日本陸連の科学委員会は、ちょうど1年後が東京オリンピック(五輪)の男子マラソンとなる8日、札幌市内のコースの気象コンディションなどを計測した。

男女の競歩とマラソンのタイムスケジュール日程に合わせ、気温、湿度、WBGT(暑さ指数)、路面温度、風速、風向きなどを、この日まで計4日間の調査をしていた。ただ、快晴の日はなかった。オンラインで取材に応じた杉田正明科学委員長は「日をあらためて調査をする必要がある」と少し困った様子だった。今後、日程を決めるという。

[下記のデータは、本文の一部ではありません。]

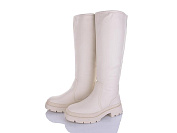 Сапоги Violeta M11-E8296-3 beige от магазина Frison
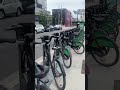 Fallas del servicio telefónico de Rogers bloquea el uso de bicicletas compartidas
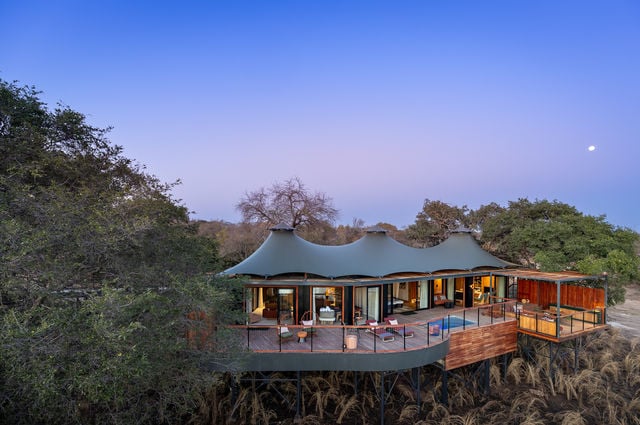 Anantara Kafue River Tented Camp, Zambia: A Sanctuary Suspended Above the Wilderness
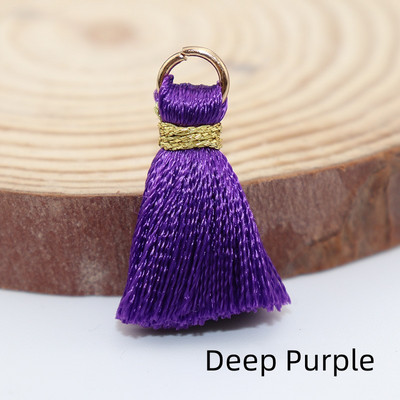 30Gb 20mm Mini viskozes pušķi DIY Amatniecības piederumi Kulons atslēgu piekariņiem bārkstis Šūšana Apģērbi Aksesuāri Auskari Rotaslietas Tasi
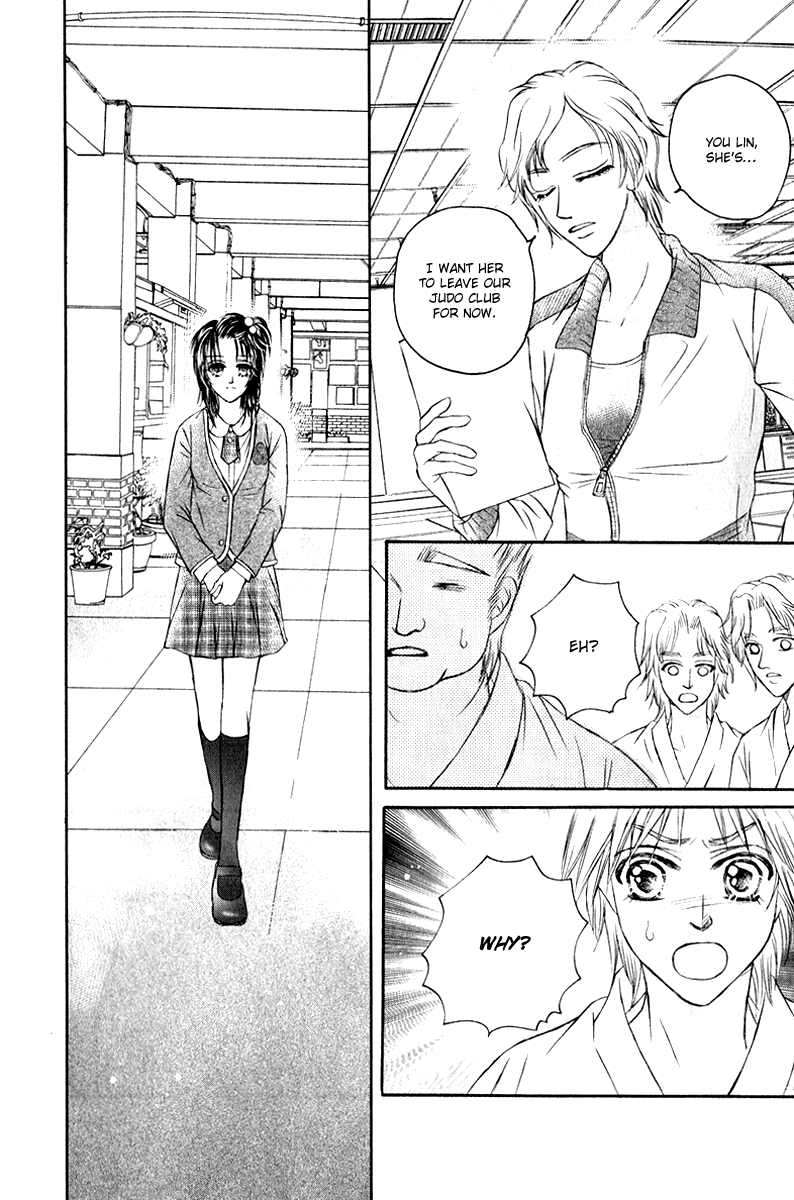 Close to My Sweetheart Chapter 8.2 page 27 - Chapter 8 v2 : The Power of Love
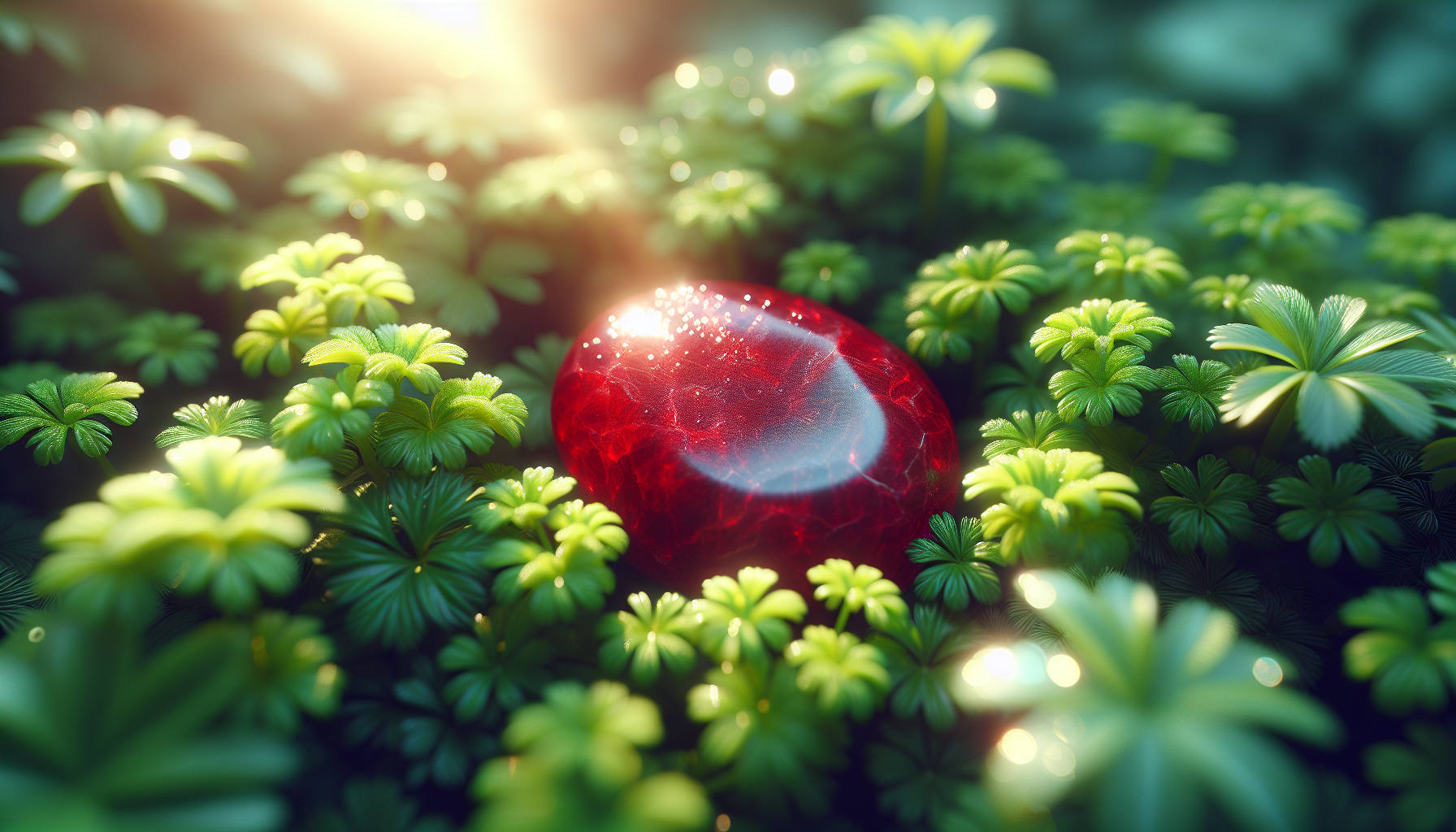 découvrez les mystères et l'élégance de la pierre rouge, une gemme prisée pour sa richesse de couleur et ses propriétés spirituelles. explorez ses origines, ses utilisations en joaillerie et ses bienfaits sur le bien-être.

天気は恵まれなかったとはいえ、今回の調査で札幌は明らかに東京より涼しいコンディションになる可能性が高いことは事実として浮き彫りになった。マラソンと競歩の発着点となる大通公園の今朝7時の気温は20度を下回っていた。4時間近くの戦いになる男子50キロ競歩に関して、杉田正明科学委員長は、暑さだけでなく、寒さ対策も必要になる可能性があると言及。終盤に多くの汗をかけば、体温が失われるリスクも潜む。「可能性としては(寒さ対策を)する必要がある。今日のような気温20度以下、湿度も60%程度の環境において、長時間のレースになると、後半に低体温となる選手がいることも考えられる」とした。

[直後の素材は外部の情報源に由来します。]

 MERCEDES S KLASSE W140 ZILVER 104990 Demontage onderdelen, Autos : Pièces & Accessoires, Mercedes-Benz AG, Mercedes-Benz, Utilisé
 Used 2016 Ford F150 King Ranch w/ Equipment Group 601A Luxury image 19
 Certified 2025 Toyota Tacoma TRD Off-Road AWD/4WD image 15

札幌市などが持っている机上のデータと、現場の感覚、数字はやはり違う。影や風などの影響は、実際に足を運んでみないと分からない。杉田科学委員長は「リアルのデータを収集することに意味がある」と話した。集めたデータは選手に提供し、練習や調整に生かしてもらう。暑さを理由に東京から札幌に変わったのは昨年秋。もともと夏の札幌コースの細かなデータは集められない状況だったが、1年延期の功名で、それが可能になった。